Simplify equation (5) as follows.

$\begin{array}{c}\left(j\right)\left(52.5\angle -90°\right)=52.5+j0\text{V}\\ =52.5\angle 0°\text{V}\end{array}$

The cosine function of phasor expression $52.5\angle 0°\text{V}$ is,

$v\left(t\right)=52.5\cos \left(314t+0°\right)\text{V}$        (6)

Substitute $10\text{ms}$ for $t$ in equation (6) as follows.

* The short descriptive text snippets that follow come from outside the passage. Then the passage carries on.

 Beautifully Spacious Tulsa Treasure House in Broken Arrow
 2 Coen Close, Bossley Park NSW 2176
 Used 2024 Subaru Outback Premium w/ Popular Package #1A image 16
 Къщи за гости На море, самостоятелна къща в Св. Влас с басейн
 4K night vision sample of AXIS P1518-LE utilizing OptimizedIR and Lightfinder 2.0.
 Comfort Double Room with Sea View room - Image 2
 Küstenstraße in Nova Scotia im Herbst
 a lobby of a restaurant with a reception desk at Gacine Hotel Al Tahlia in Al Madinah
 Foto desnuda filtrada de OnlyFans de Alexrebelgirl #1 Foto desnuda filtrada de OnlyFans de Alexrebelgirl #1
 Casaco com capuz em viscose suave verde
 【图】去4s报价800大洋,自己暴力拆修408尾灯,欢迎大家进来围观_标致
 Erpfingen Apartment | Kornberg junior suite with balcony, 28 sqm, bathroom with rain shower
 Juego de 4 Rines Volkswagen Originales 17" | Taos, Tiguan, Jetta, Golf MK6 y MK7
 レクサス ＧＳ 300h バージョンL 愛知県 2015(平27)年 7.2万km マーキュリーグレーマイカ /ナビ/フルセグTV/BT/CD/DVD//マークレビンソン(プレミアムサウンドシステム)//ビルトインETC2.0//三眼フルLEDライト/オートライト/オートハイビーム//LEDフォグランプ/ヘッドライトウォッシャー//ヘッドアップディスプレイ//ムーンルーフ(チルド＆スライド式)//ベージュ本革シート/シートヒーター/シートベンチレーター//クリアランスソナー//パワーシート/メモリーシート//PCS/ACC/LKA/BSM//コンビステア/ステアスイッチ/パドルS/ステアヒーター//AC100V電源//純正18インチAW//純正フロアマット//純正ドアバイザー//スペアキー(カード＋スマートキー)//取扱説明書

$\begin{array}{c}v\left(10\text{ms}\right)=52.5\cos \left[314\left(10\text{ms}\right)\right]\\ =52.5\cos \left[314\left(10\times {10}^{-3}\right)\right]\left\{\because 1\text{m}=1\times {10}^{-3}\right\}\\ =52.5\cos \left[3.14\right]\\ =52.5\cos \left[3.14\left(\frac{180}{\pi }\right)\right]\end{array}$

Simplify the equation as follows.

$\begin{array}{c}v\left(10\text{ms}\right)=52.5\cos \left[179.9°\right]\\ =52.5\left(-0.999\right)\\ =-52.4\text{V}\end{array}$

Substitute $25\text{ms}$ for $t$ in equation (6) as follows.

$\begin{array}{c}v\left(25\text{ms}\right)=52.5\cos \left[314\left(25\text{ms}\right)\right]\\ =52.5\cos \left[314\left(25\times {10}^{-3}\right)\right]\left\{\because 1\text{m}=1\times {10}^{-3}\right\}\\ =52.5\cos \left[7.85\right]\\ =52.5\cos \left[7.85\left(\frac{180}{\pi }\right)\right]\end{array}$

Simplify the equation as follows.

$\begin{array}{c}v\left(25\text{ms}\right)=52.5\cos \left[449.7°\right]\\ =52.5\left(5.23\times {10}^{-3}\right)\\ =0.2793\text{V}\end{array}$

Conclusion:

Thus, the instantaneous voltage of $\left(j\right)\left(52.5\angle -90°\right)\text{V}$ at $t=10\text{ms}$ and $t=25\text{ms}$ are $\underset{\_}{-52.4\text{V}\text{and}0.2793\text{V}}$, respectively.